Pistorius-Strafverteidiger Barry Roux:Vom Pudel zum Rottweiler

Oscar Pistorius Is Tried For The Murder Of His Girlfriend Reeva Steenkamp

Verteidiger Barry Roux bei seinem Schlussplädoyer im Pistorius-Prozess vor Gericht in Pretoria, Südafrika.

(Foto: Getty Images)

"Das ist, als wenn man zuschaut, wie jemand auf ein Seehund-Baby einknüppelt", twittert ein Prozessbeobachter über Barry Roux. Der Strafverteidiger von Oscar Pistorius verfolgt eine zweifelhafte Taktik. Nicht umsonst nennt man ihn den "Rottweiler".

Von Tobias Zick

Er hatte es mit einem Pitbull zu tun - so der Spitzname seines Hauptgegners, des Chefanklägers Gerrie Nel. Dafür hat er sich erwartungsgemäß souverän geschlagen: Barry Roux, Verteidiger des beinamputierten südafrikanischen Sportlers Oscar Pistorius, der in der Nacht zum Valentinstag 2013 seine Freundin durch die geschlossene Badezimmertür erschossen hat. Aber schließlich nennt man Roux, einen der prominentesten Anwälte Südafrikas, ja nicht umsonst den "Rottweiler".

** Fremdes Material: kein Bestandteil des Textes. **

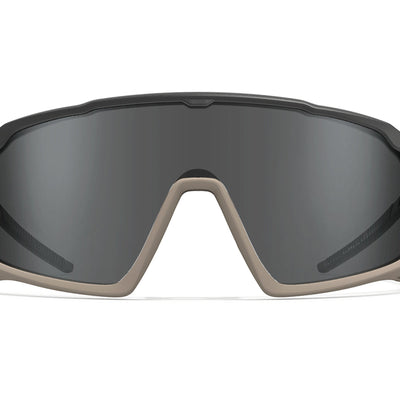 CP-1x Sunglasses
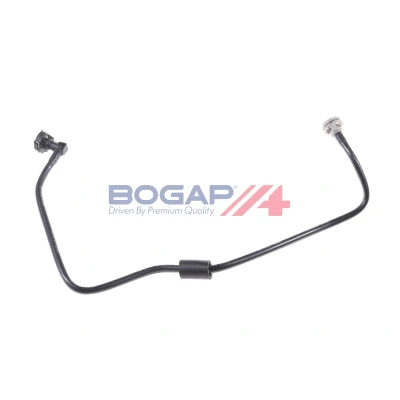 Imagen de BOGAP A4228560 Manguitos de Radiador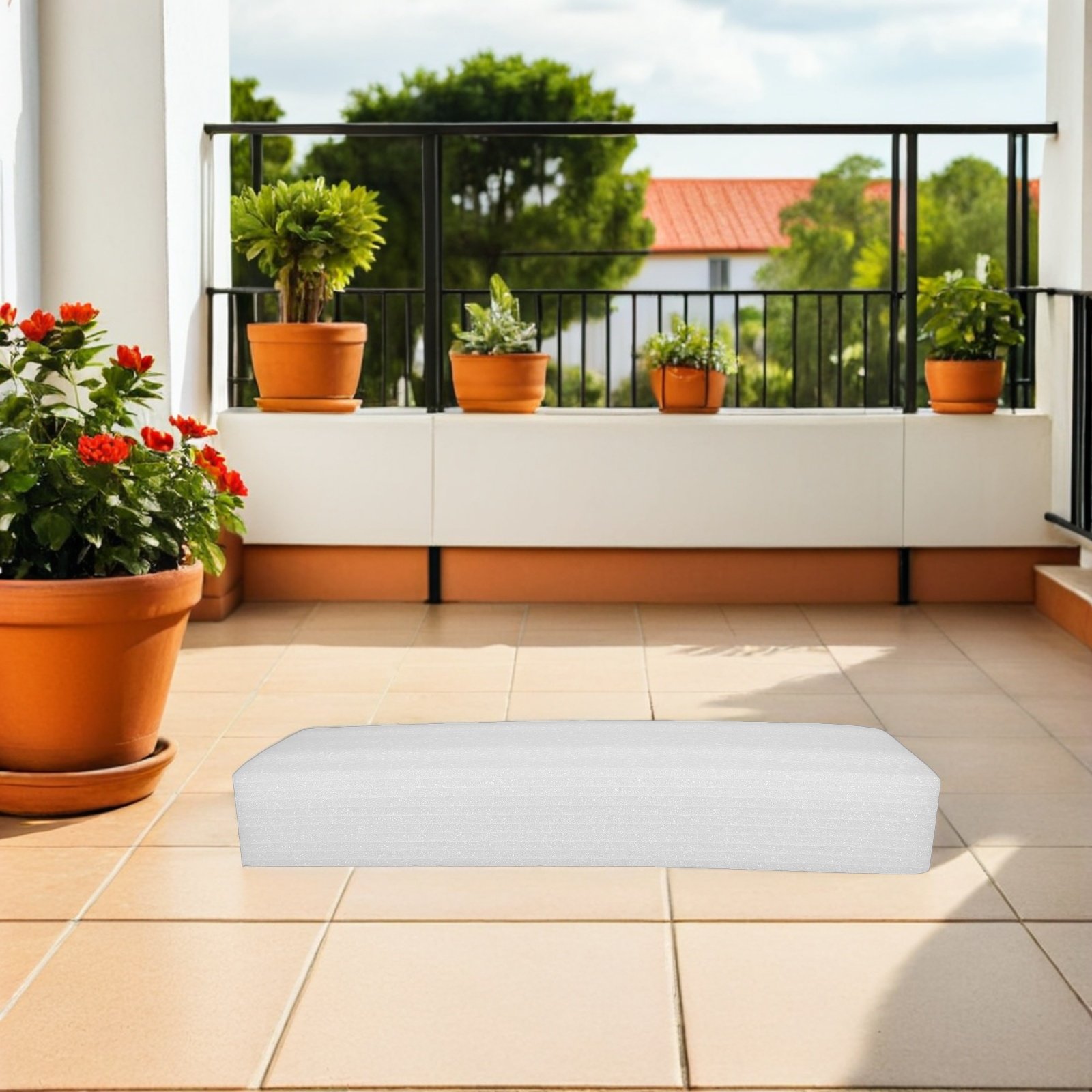 3Pcs Floral Foam Blocks Plant  - Floral Foam Oasis review and price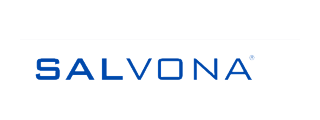 Salvona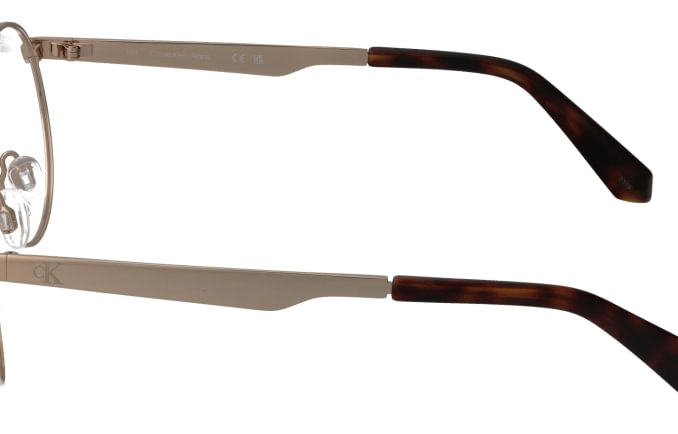 Calvin Klein Jeans CKJ24205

Dieser Kampf der juristischen Kampfhunde gipfelte am Freitag im Schlussplädoyer Roux', in dem er die Darstellung des Anklägers vom Vortag zerpflückte und ihm mit grollender Stimme vorwarf, all jene Indizien ignoriert zu haben, die dem Vorwurf des Mordes widersprächen. Sein Klient Pistorius sei kein kaltblütiger Mörder, sondern ein Mensch, der seit frühester Kindheit tief geprägt sei von seiner Behinderung, von der "ständigen Gewissheit, ich habe keine Beine, ich kann nicht wegrennen, ich bin anders". Die Schüsse durch die Badezimmertür habe Pistorius "fahrlässig" abgefeuert, sei insofern auch allenfalls der fahrlässigen Tötung schuldig.

Sein Klient hat es ihm im Laufe des Prozesses nicht immer leicht gemacht; mehrmals verstrickte er sich in Widersprüche - doch Barry Roux ist bekannt als Mann für schwierige Fälle, auch zweifelhafter Art. In den 1990er-Jahren etwa vertrat er den Apartheid-Polizeichef Lothar Neethling, der Medien verklagt hatte, weil die ihm vorwarfen, er habe während seiner Amtszeit Regimegegner vergiften lassen. Einem Minen-Unternehmer und dem Chef eines Fußballklubs stand er in Verfahren wegen Steuerbetrugs bei.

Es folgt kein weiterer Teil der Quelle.